Hint. Generate A with the required constant term, run the operation, and verify the identity coefficient-by-coefficient. A single failing coefficient localizes the bug (e.g. a missing inverse-transform scaling shows every coefficient off by a factor of the transform length).

Evaluation criteria. - All three round-trips hold for random inputs at several n. - The harness reports the first failing coefficient index when an identity breaks. - Runs in O(n log n) per check with NTT multiply. - Cross-language identical results on the same seed.

General Guidance for All Tasks

  • Always use a prime modulus. 998244353 if NTT may follow; 10^9 + 7 otherwise. Division, GCD, and interpolation all require modular inverses, which exist for every nonzero element only over a field.
  • Pin the modulus as a named constant. Never inline magic numbers.
  • Get the product length right. len(A·B) = len(A) + len(B) − 1; off-by-one here leaves a stray trailing zero.
  • Normalize / trim trailing zeros before reading the degree, especially after subtraction in division and GCD.
  • Mind overflow. In Go/Java cast to 64-bit before multiplying, then reduce; normalize subtraction non-negative.
  • Validate against the schoolbook oracle. Every multiply/division/interpolation task above ships with (or references) a slow oracle; diff coefficient-by-coefficient on small inputs before trusting fast code on large inputs.
  • Watch series preconditions.
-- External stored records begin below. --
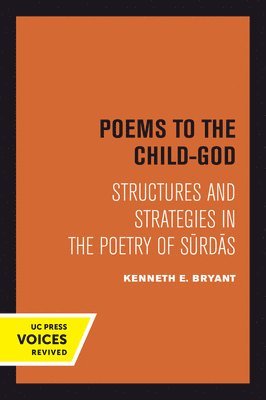 Kenneth E. Bryant - Poems to the Child-God, Häftad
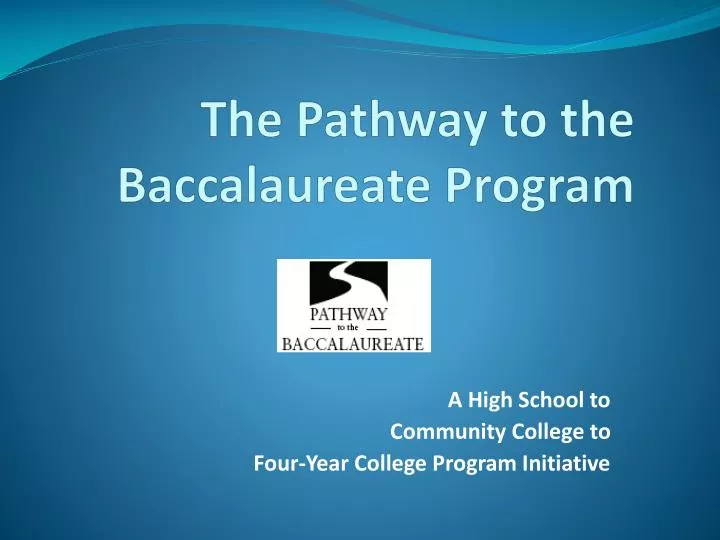 the pathway to the baccalaureate program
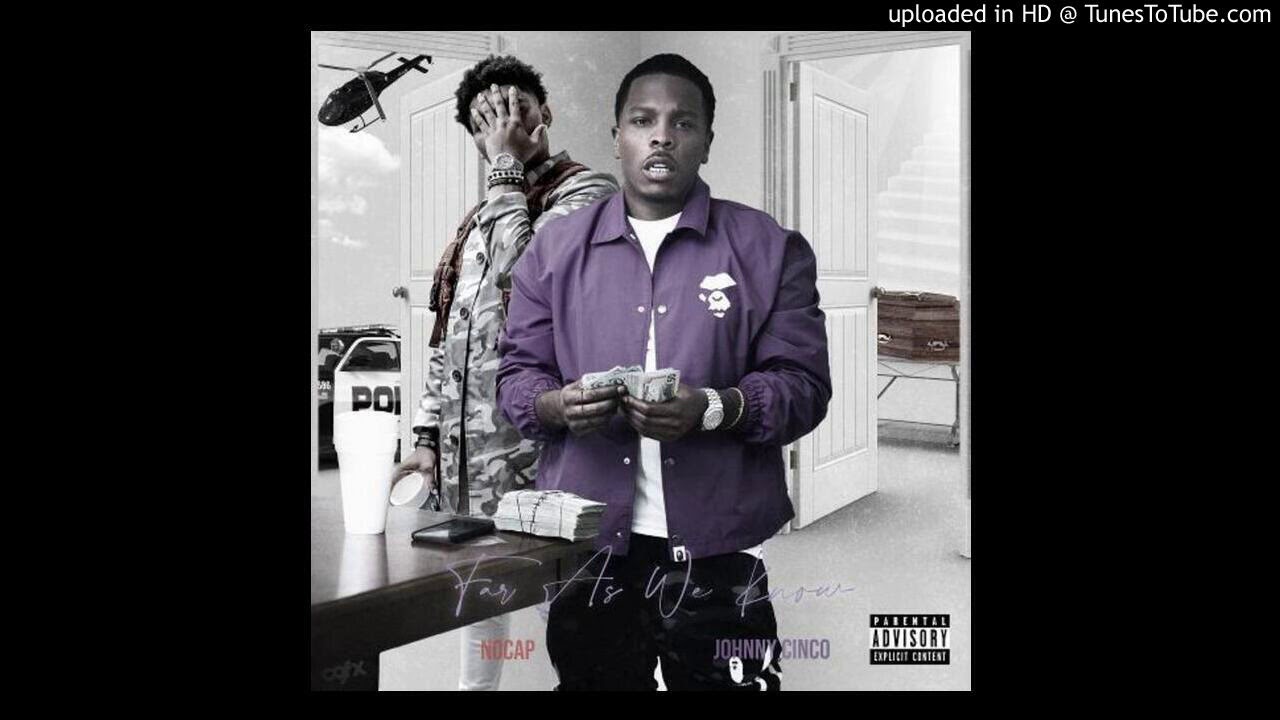 Johnny Cinco & NoCap - Far As We Know (AUDIO)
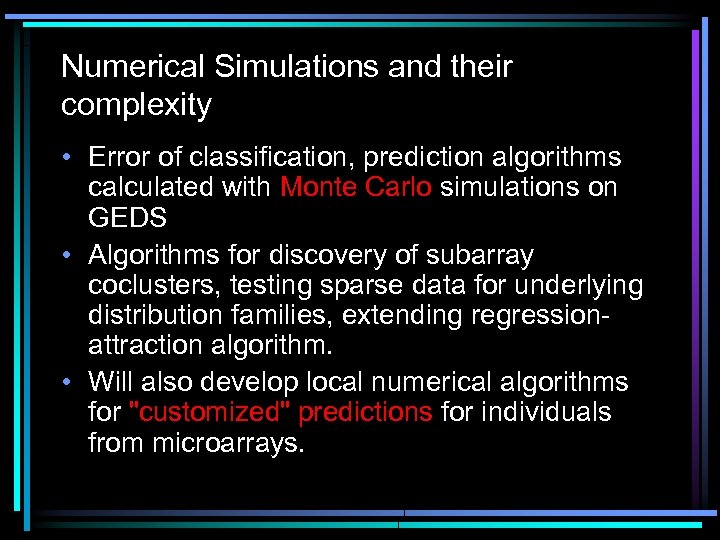 Numerical Simulations and their complexity • Error of classification, prediction algorithms calculated with Monte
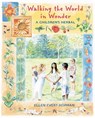 Walking the World in Wonder - Ellen Evert Hopman - 9781594775413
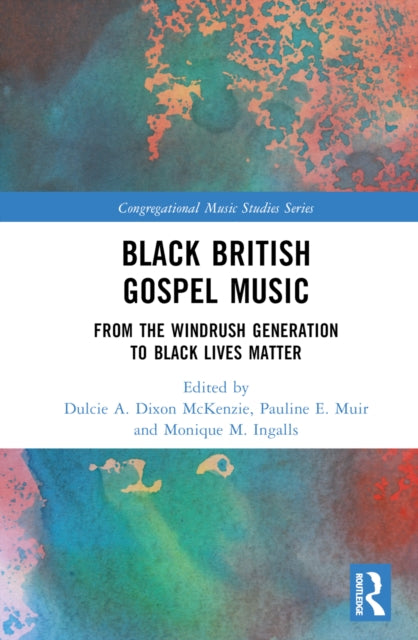 Book cover of: Black British Gospel Music. By: Dulcie Dixon McKenzie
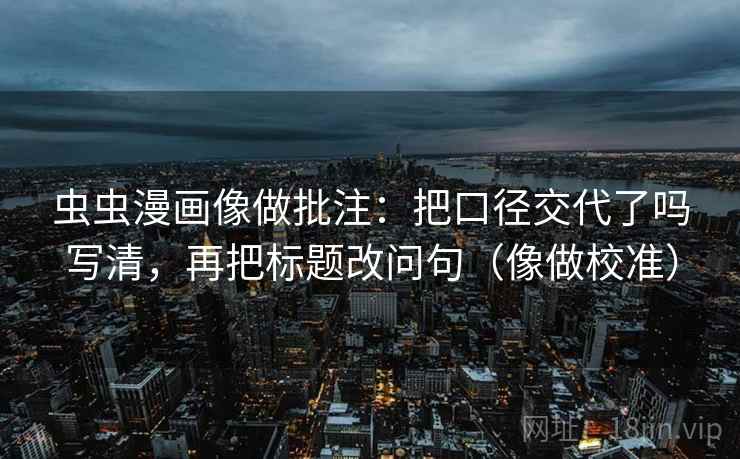 虫虫漫画像做批注：把口径交代了吗写清，再把标题改问句（像做校准）  第2张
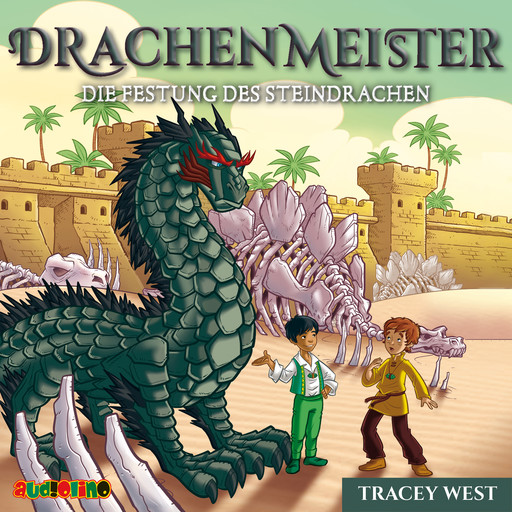Die Festung des Steindrachen - Drachenmeister 17 (unabridged), Tracey West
Inverse needs A(0) ≠ 0; exp needs A(0) = 0; log needs A(0) = 1; sqrt needs A(0) a quadratic residue.
  • Round-trip to self-verify. When no external oracle exists at scale, check identities like A·A^{-1} ≡ 1, exp(log A) ≡ A, and B·Q + R ≡ A; a broken identity pinpoints the failing operation.

Each task must be implemented and tested in Go, Java, and Python, with identical outputs across all three on the same seeded inputs.